Il me semble vous avoir rencontré quelque part


Extraits du livre  : Il me semble vous avoir déjà rencontré quelque part , Contrejour 1983

Après avoir publié Je vous aime en 1979, je me rendis compte à quel point cet ouvragez était autobiographique, bien plus qu’un journal intime. Quelques mois auparavant, je ne savais pas qu’en photographiant les scènes d’amour, le soir, sur ma petite télévision déglinguée, afin d’évoquer la non  communication entre les gens,  n’était en fait qu’une façon de combler le vide affectif laissé par Donna, la femme que j’aimais et qui était partie. Les acteurs qui s’embrassaient sous la brûlure des sunlights remplaçaient dans mon angoisse et ma solitude les femmes que j’aurai dû rencontrer, séduire, toucher, dans la rue, dans ma vie.

Deux ans plus tard, j’échangeais l’appareil photo contre une machine à écrire, la pellicule contre le rouleau encreur, le tirage contre la feuille de papier et je publiais le roman  Une fille instantanée en 1981 aux éditions du Seuil dans la collection  Fiction et compagnie dirigée par Denis Roche.

En 1981, le photographe Roger Vulliez me fait découvrir le Canon AF, un petit appareil noir et amusant à moteur incorporé et mise au point automatique. Je suis enthousiaste, j’achète le même.  Cet appareil est une révolution, comme le Leica le fut à son époque, il permet d’être réellement dans le présent, d’aller aussi vite que ses propres émotions, de cadrer sans réfléchir, d’être le troisième œil mythologique.

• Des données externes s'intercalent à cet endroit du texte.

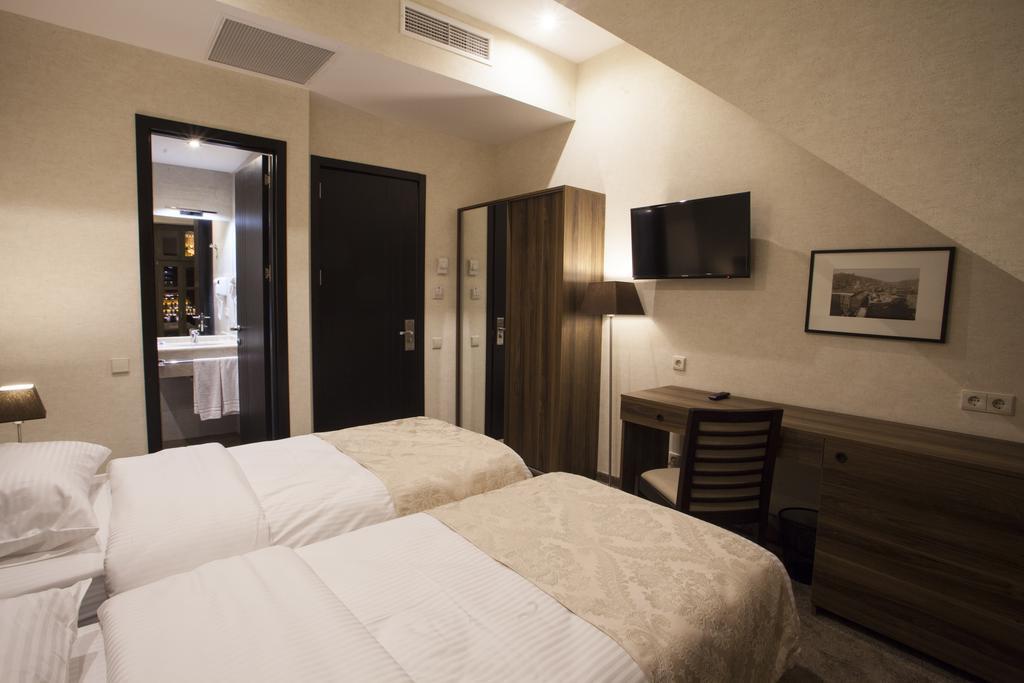 Old Meidan Tbilisi By Urban Hotels Eksteriør billede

Son allure pas du tout professionnelle, gadget, permet de ne pas être pris au sérieux et de brouiller les pistes. J’ai envie de sortir lorsqu’il fait beau, de marcher, de faire des rencontres, l’appareil dans le creux de la main et le sourire «  dans l’autre »

La photo se confond avec ma vie et ma vie avec la photo dans un enchevêtrement magique où je ne sais plus quelle action précède l’autre…

Lorsque le printemps commence chatouiller Paris de ses premier rayons de soleil, les s’excitent dans les avenues, les corps se déhanchent, les regards se croisent enfin, les couleurs clignotent et les photographes sont pris de frénésie. Je retrouve souvent Edouard Boubat dans une pâtisserie de l’avenue du Maine, où les gâteaux, comme les femmes, sont aux fruits de la passion, avant de nous diriger sur les trottoirs bondés de Montparnasse vers le jardin du Luxembourg….

Je ne tiens pas du tout à me cacher derrière les fourrés ou passer mon œil par le trou d’une serrure lorsque je prends une photographie. Être un homme invisible qui glisse furtivement sur la réalité, cela ne m’intéresse pas. J’ai autant besoin de voir que d’être vu, j’ai besoin de cette complicité qui unit un instant le photographe au photographié. Quoi de plus émouvant en effet qu’un visage anonyme perdu dans la foule et dont le regard étonné s’accroche à vous, se plante dans votre cadre, vous transperce le cœur.

L’appareil photo est un instrument de séduction qui me sert à rencontrer des filles, à briser quelquefois le mur de l’indifférence et à égayer les couloirs glauques du métro….

Ce qui m’intéresse en premier lieu, c’est de capter le moment où toutes ces femmes sont en déséquilibre. C’est de transmettre un instant de séduction et d’émotion, une vibration épiphanique.